**How to complete this task:**
Repeat the data word for word. Do not include the pictures.

**Material provided:**
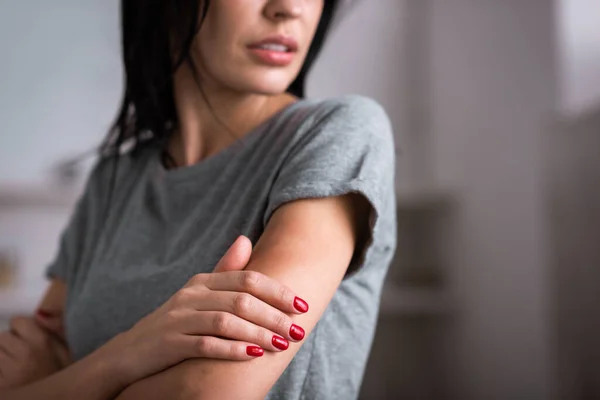 Обрезанный вид грустной женщины, касающейся синяков на руке, концепция домашнего насилия — стоковое фото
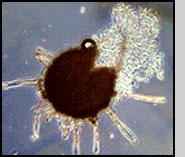 Parasitized cleistothecium of U. necator which has been ruptured and is exuding conidia of A. quisqualis. 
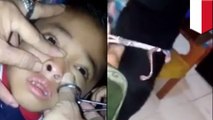 Leech pulled from boy’s nose a month after he went for a swim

**Solved problem:**
 Обрезанный вид грустной женщины, касающейся синяков на руке, концепция домашнего насилия — стоковое фото
 Parasitized cleistothecium of U. necator which has been ruptured and is exuding conidia of A. quisqualis. 
 Leech pulled from boy’s nose a month after he went for a swim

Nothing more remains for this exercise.